Due to it's natural source, lecithin is a great clean label emulsifier.

Due to it’s natural sources, lecithin is a great clean label emulsifier.

The avian flu is a continuing concern and generates a point of uncertainty throughout the food industry. It brings up several questions that marketers and product developers have to ask: what is the benefit of eggs in our formulas? Are alternative ingredients available? How does the avian flu impact consumer perception, decision making, and buying habits?

Replacing eggs may provide a range of benefits from the removal of an allergen to reducing volatility in formula costs. While many replacers are available, the selection depends on the desired finished product characteristics and label preferences.

Finding the right replacement

Eggs are a unique ingredient, bringing critical functionality to a wide variety of bakery products. In some products, eggs are the essential component of the product. Can you imagine an angel food cake without eggs?

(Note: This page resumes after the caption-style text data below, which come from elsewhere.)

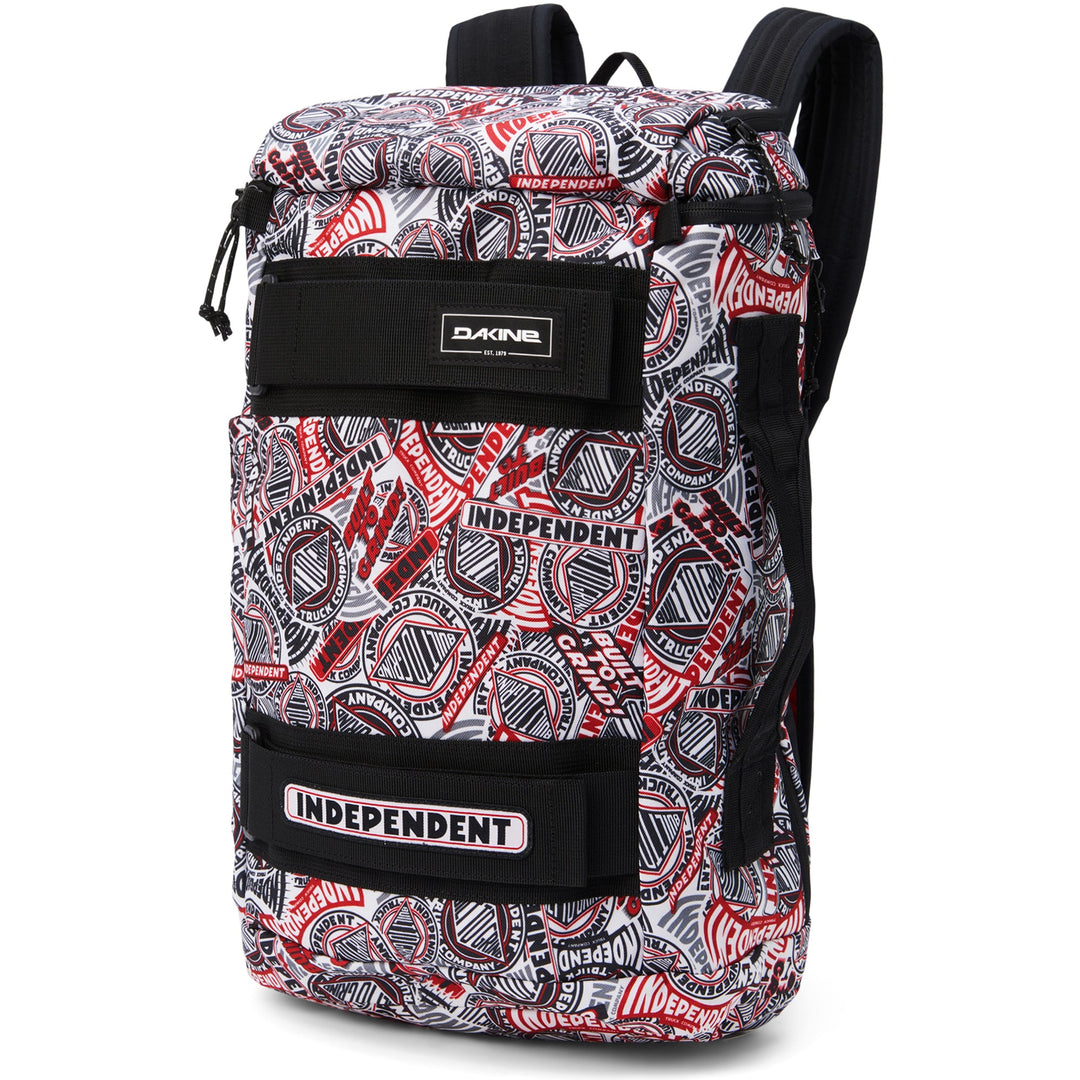 MISSION STREET BACKPACK 25L X INDEP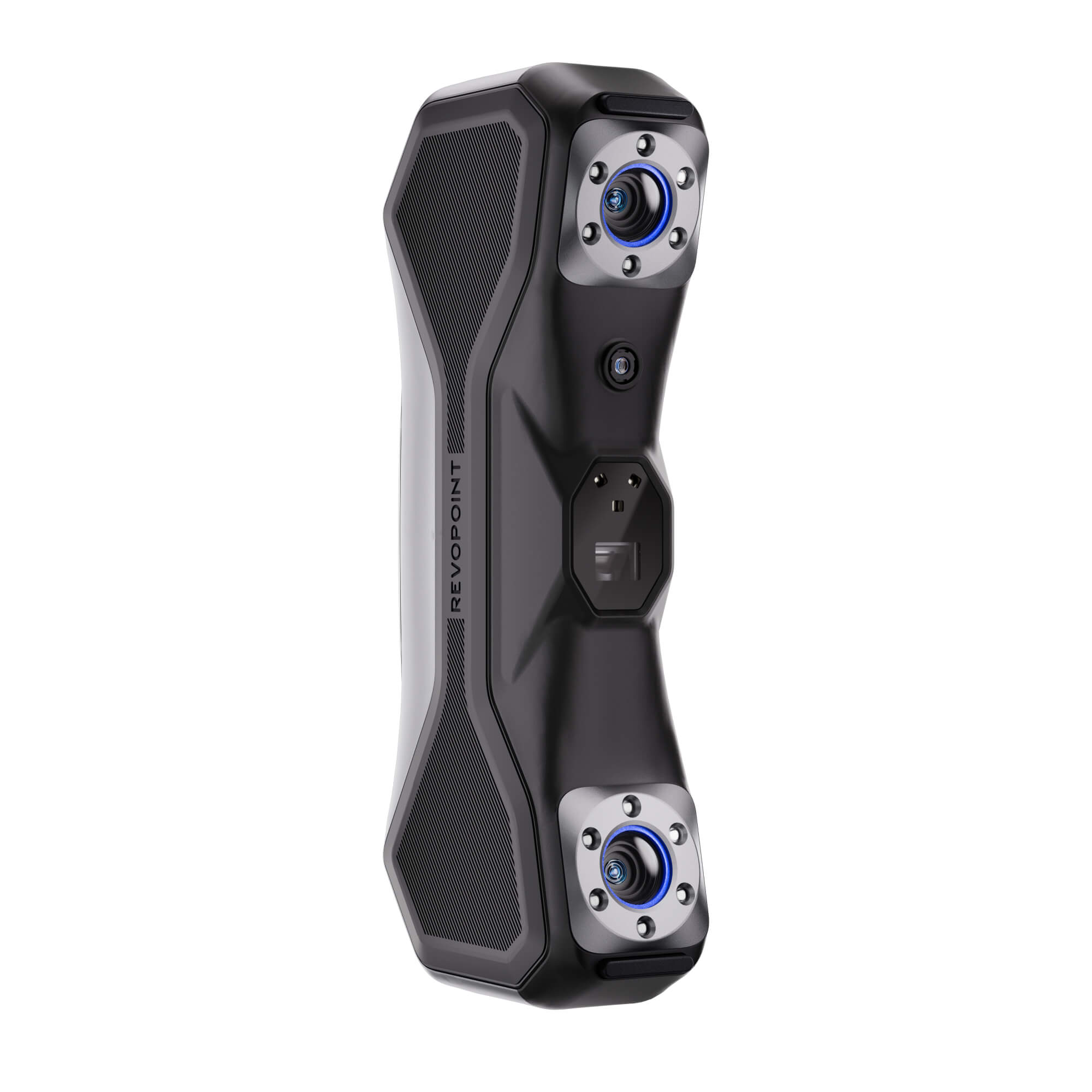 Handheld 3D Scanner High Precision - Scanner portable 3D Revopoint Metrox Pro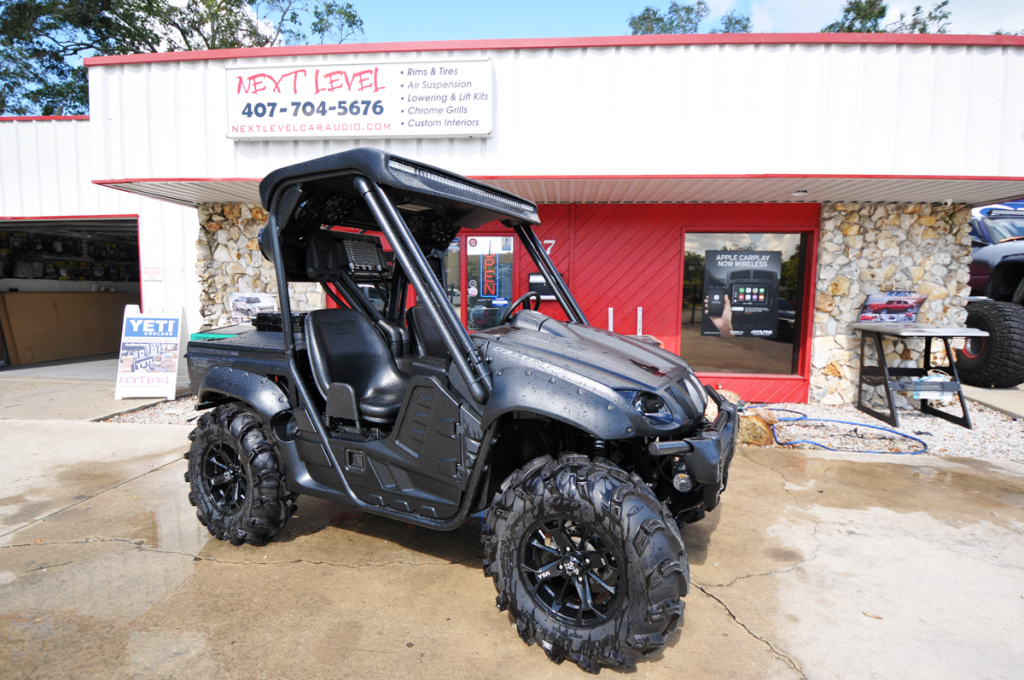 offroad utv atv custom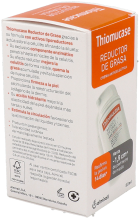 Thiomucase Anti-Cellulite Cream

When determining how to replace eggs in a formula, first ask what the egg is contributing. In a cookie, eggs may contribute binding; in a layer cake, structure; in donuts, emulsification. If you run the formula without eggs what changes do you see? Does the product lose volume or become dense and gummy? Since other ingredient interactions can have an impact on what eggs are contributing, it is important to get a clear picture of what and why eggs are included in each individual product.

Ways to replace eggs

In many bakery applications, wheat protein isolate can be used as a drop-in replacement for eggs. Wheat proteins are known to build structure in bakery products. The unique gluten network found in wheat proteins helps to entrap air, provide emulsification, and support volume. Because the gluten protein has been altered in wheat protein isolates, it does not contribute the rigid viscoelastic properties that would make a sweet bakery product too tough.

However, it does provide needed structure and resilience for producing and transporting products such as layer cakes or muffins in a commercial setting. The film forming properties of wheat protein provide aeration and allow wheat proteins to create a whip comparable to egg whites.  The versatile nature of wheat protein isolates results in success in a wide variety of applications.